• _ABOUT THIS EXERCISE_
Starting at the top of the entries below, write out each line up to and including the one containing "Building Photo - 60 Crest Cir". Leave the pictures out.

(Web page caption snippets)
···
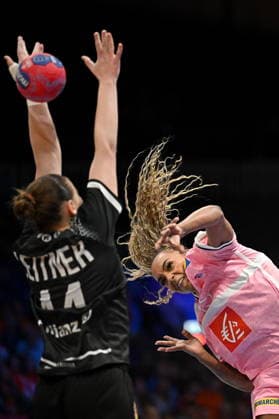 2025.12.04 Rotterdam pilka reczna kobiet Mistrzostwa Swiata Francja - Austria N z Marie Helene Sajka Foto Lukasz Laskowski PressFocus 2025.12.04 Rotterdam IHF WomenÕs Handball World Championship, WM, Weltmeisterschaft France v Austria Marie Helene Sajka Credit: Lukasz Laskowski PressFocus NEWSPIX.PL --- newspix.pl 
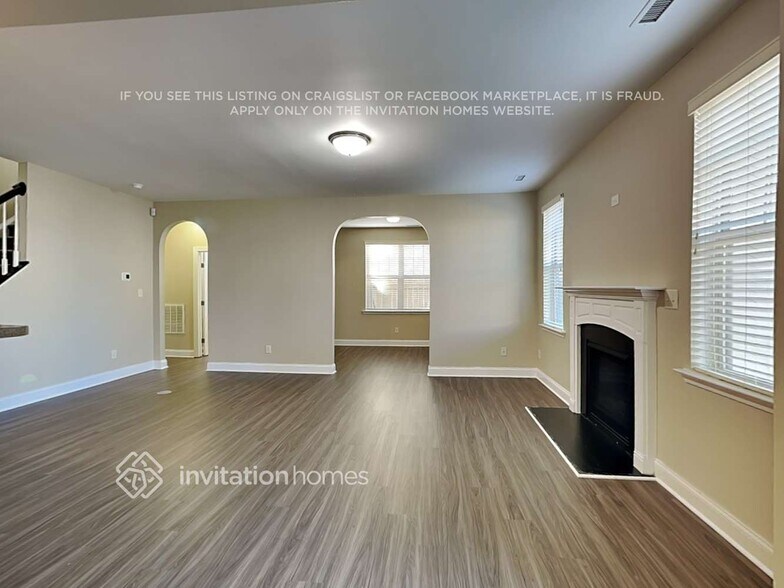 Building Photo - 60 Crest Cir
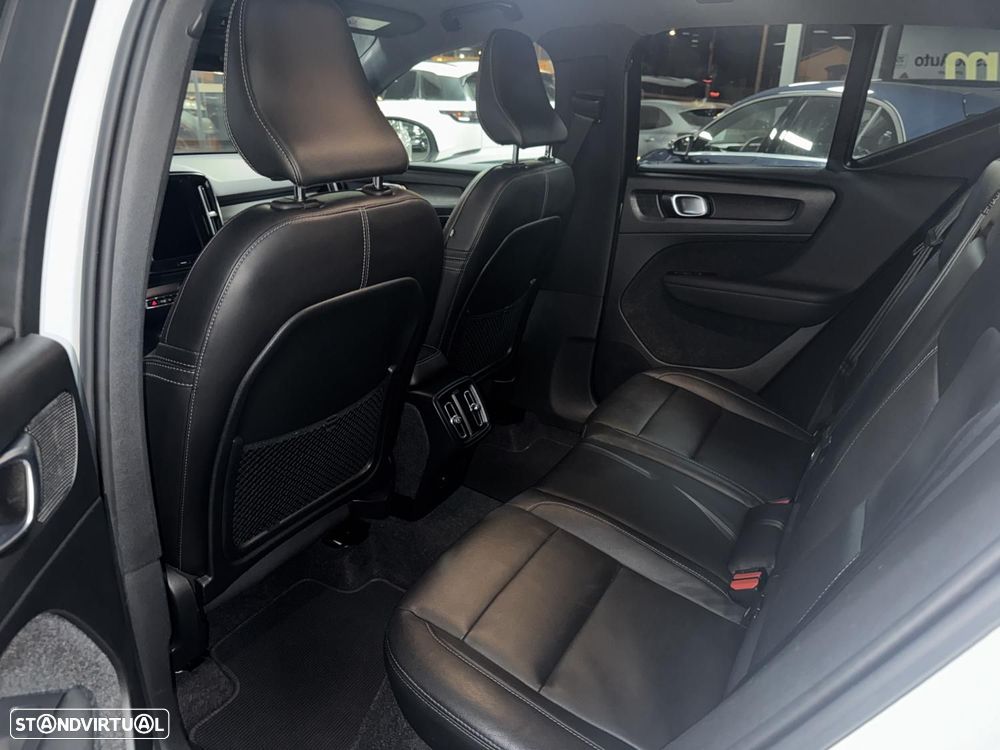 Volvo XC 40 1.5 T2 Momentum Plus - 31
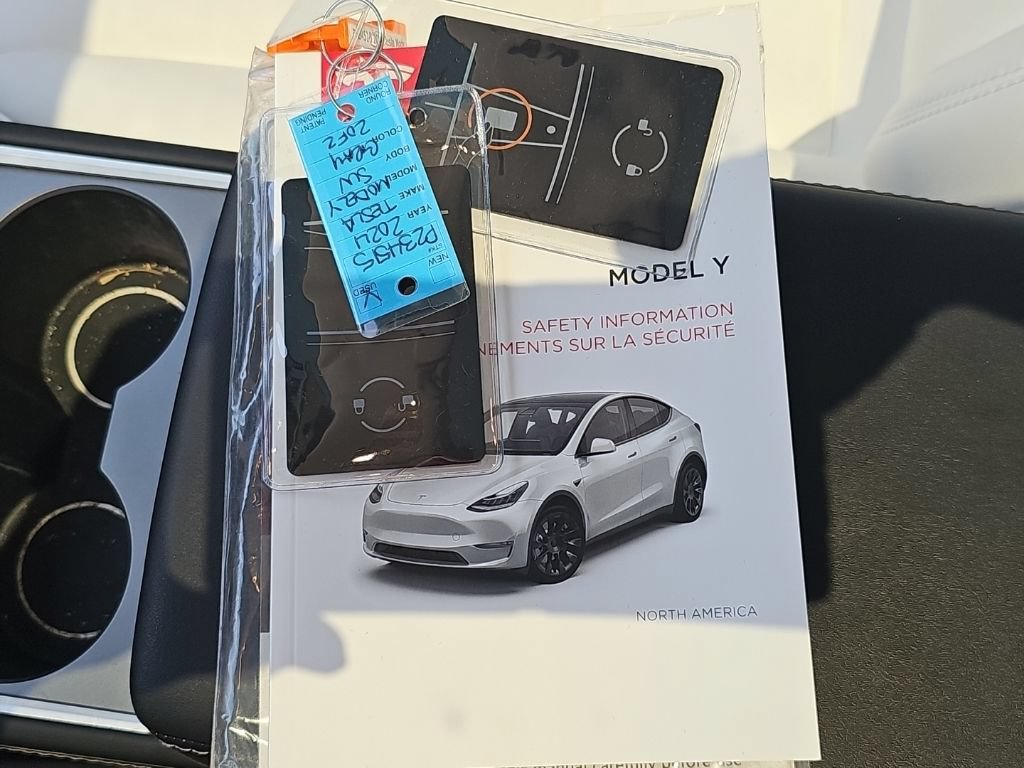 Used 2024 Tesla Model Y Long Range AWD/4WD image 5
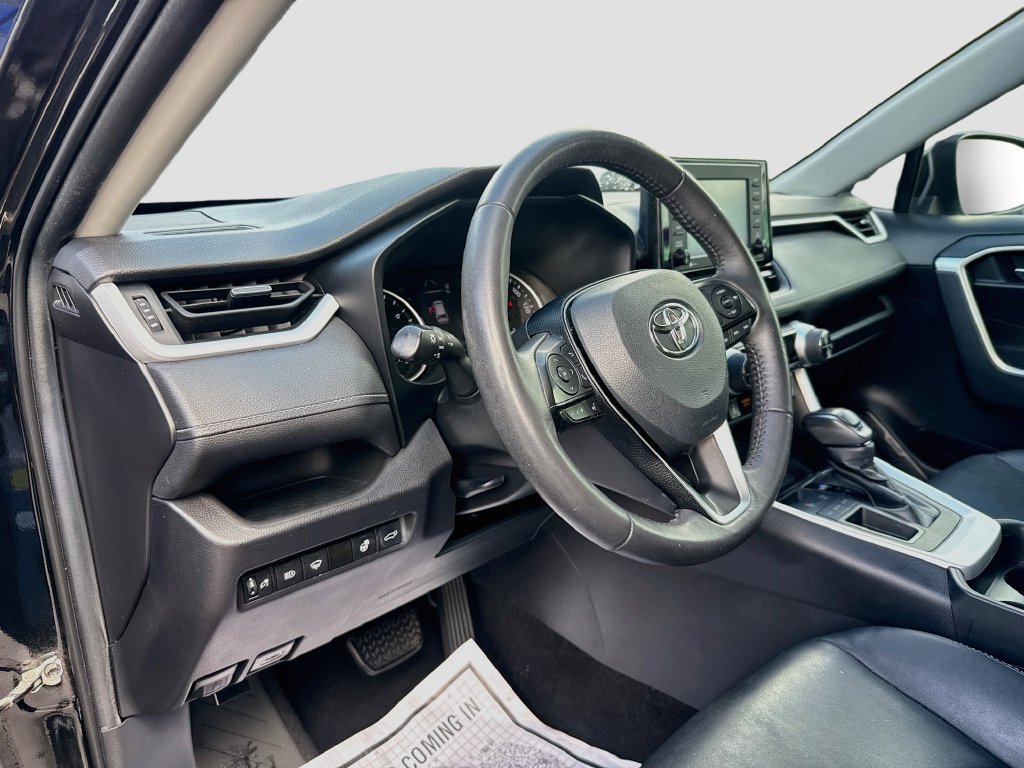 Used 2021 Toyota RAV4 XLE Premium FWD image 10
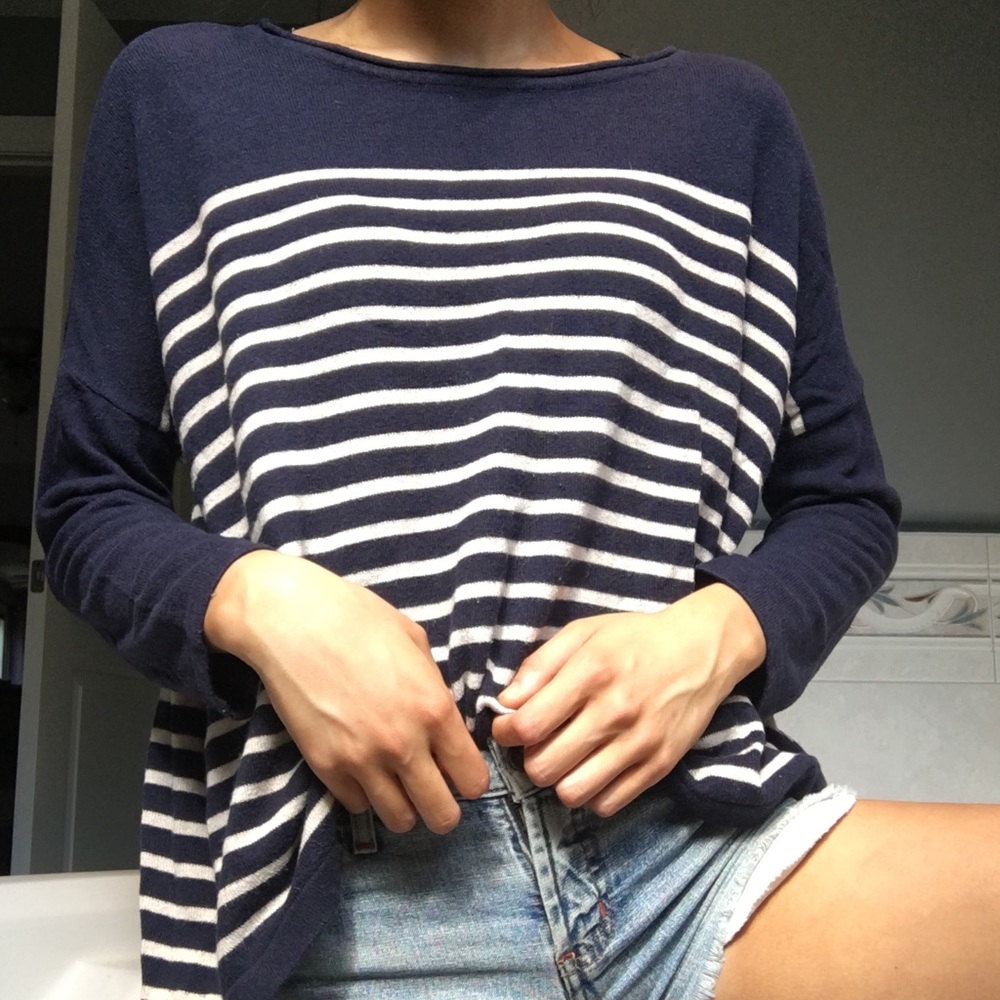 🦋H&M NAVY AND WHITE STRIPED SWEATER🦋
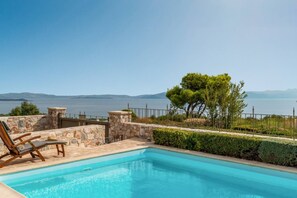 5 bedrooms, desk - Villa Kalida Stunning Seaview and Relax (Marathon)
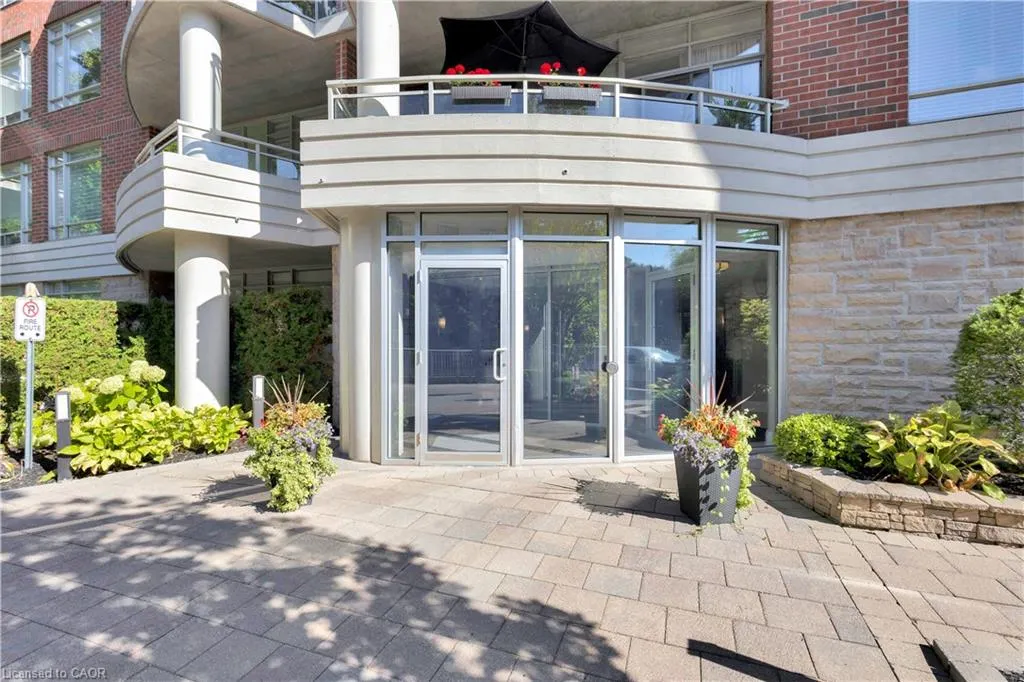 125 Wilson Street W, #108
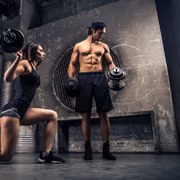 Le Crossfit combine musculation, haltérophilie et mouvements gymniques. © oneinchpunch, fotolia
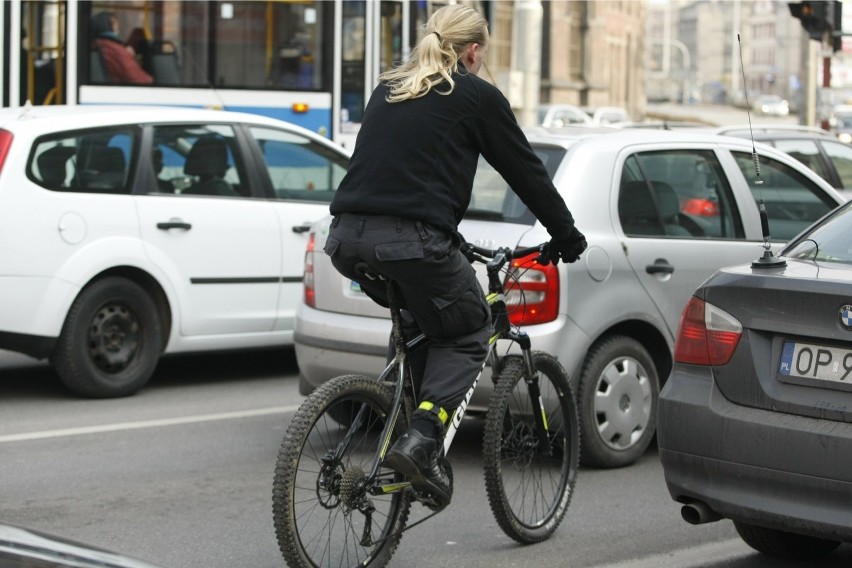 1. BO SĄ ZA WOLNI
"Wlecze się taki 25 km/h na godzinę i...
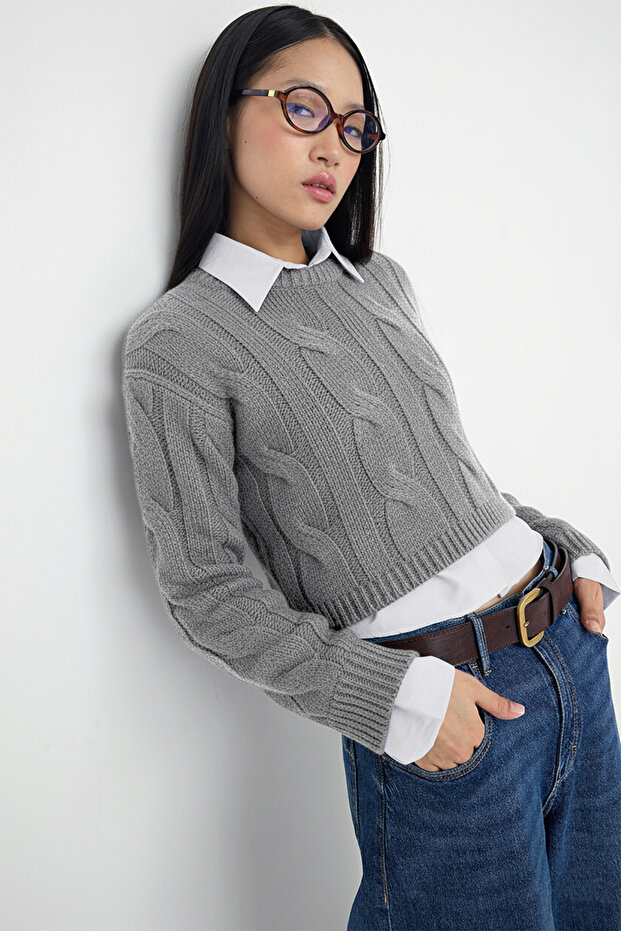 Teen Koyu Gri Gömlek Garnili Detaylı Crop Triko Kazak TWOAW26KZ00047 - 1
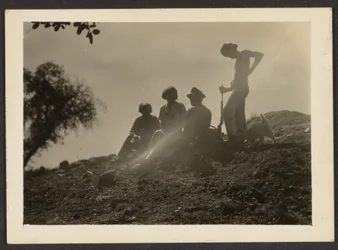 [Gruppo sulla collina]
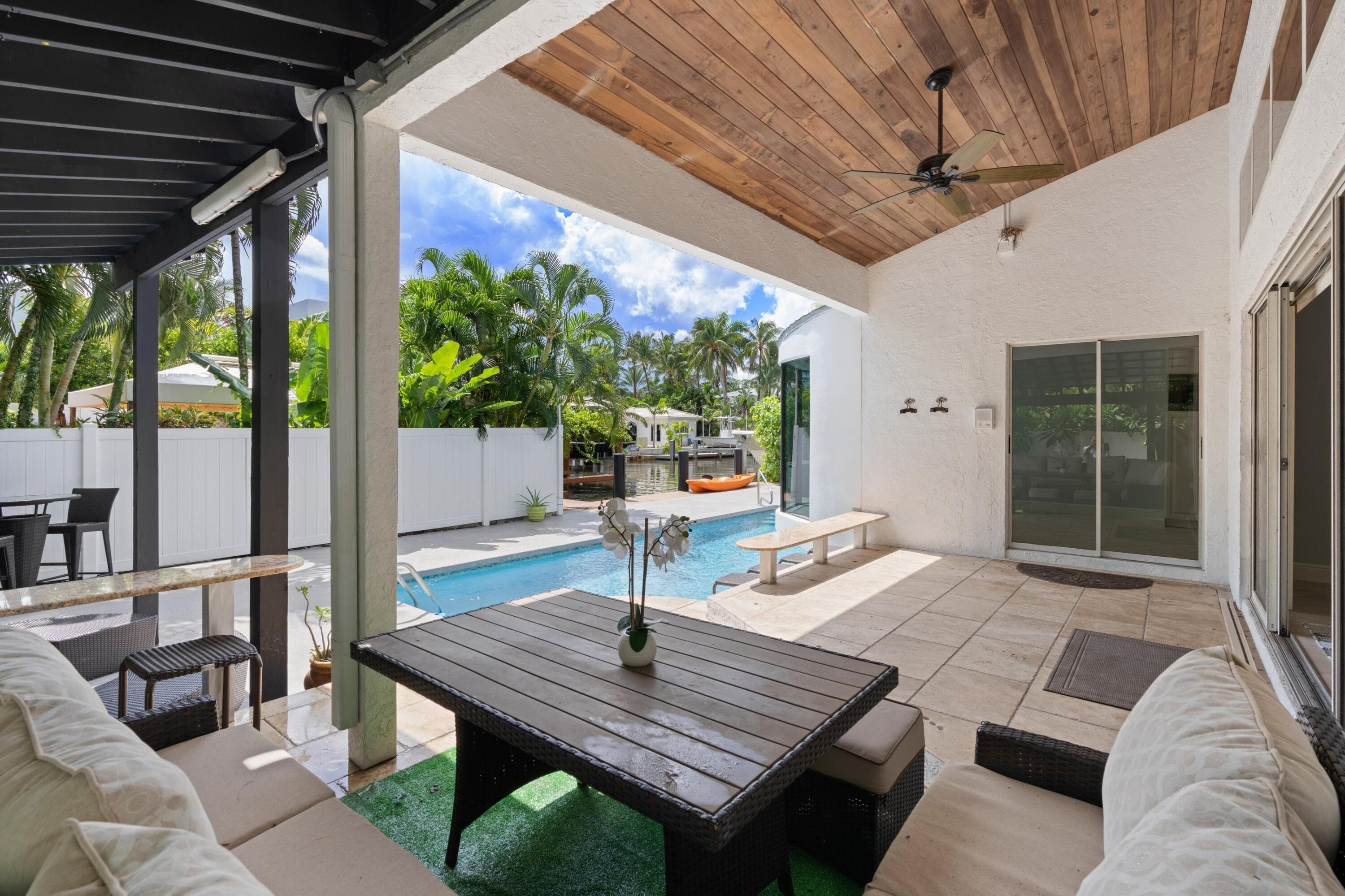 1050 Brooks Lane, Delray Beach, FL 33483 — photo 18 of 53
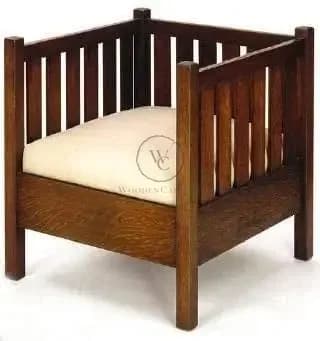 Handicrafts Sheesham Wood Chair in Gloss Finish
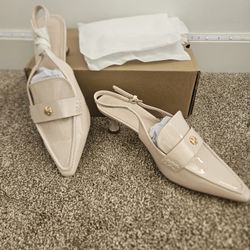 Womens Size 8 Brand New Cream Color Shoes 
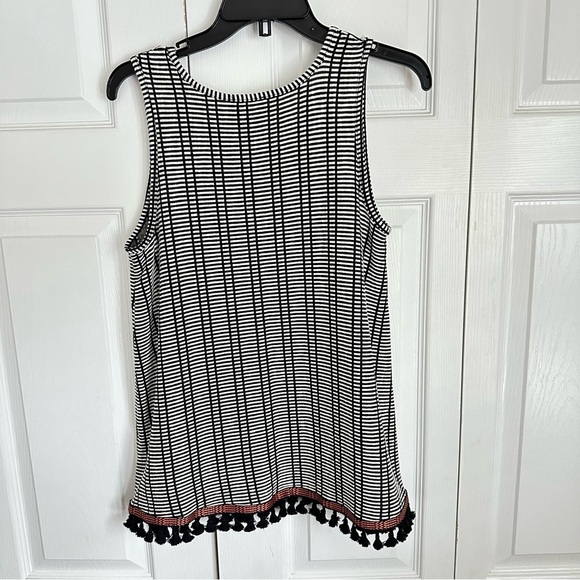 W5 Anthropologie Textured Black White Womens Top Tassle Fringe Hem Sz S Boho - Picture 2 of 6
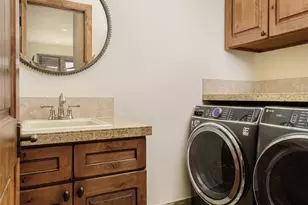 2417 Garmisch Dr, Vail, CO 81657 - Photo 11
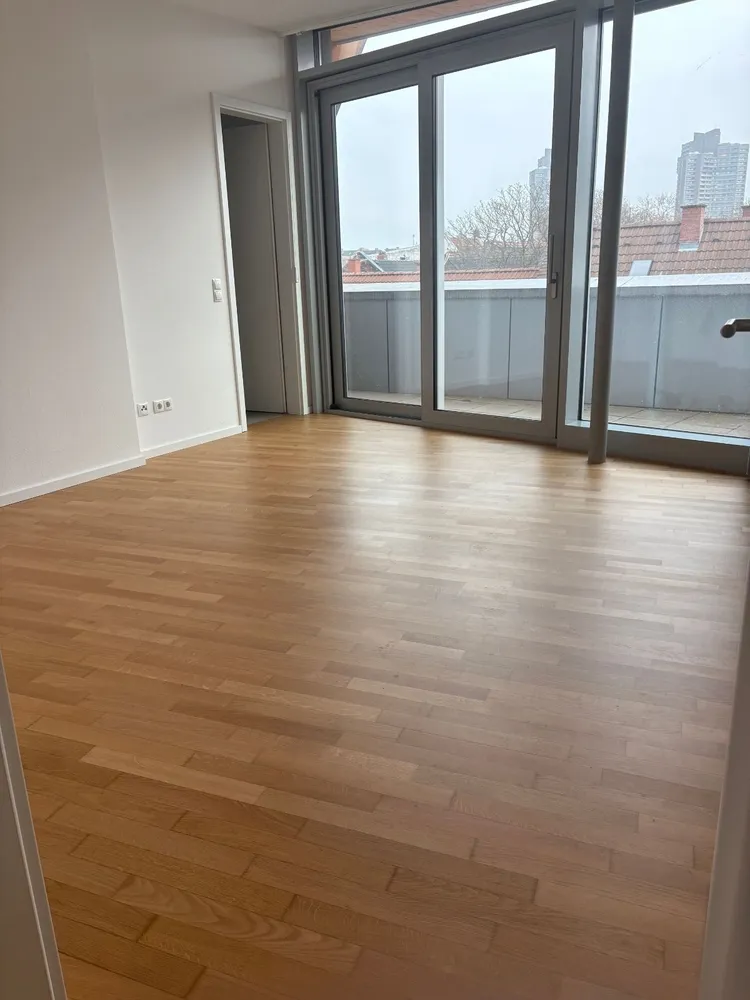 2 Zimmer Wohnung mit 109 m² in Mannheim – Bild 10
···
• _PROBLEM SOLUTION_
 2025.12.04 Rotterdam pilka reczna kobiet Mistrzostwa Swiata Francja - Austria N z Marie Helene Sajka Foto Lukasz Laskowski PressFocus 2025.12.04 Rotterdam IHF WomenÕs Handball World Championship, WM, Weltmeisterschaft France v Austria Marie Helene Sajka Credit: Lukasz Laskowski PressFocus NEWSPIX.PL --- newspix.pl 
 Building Photo - 60 Crest Cir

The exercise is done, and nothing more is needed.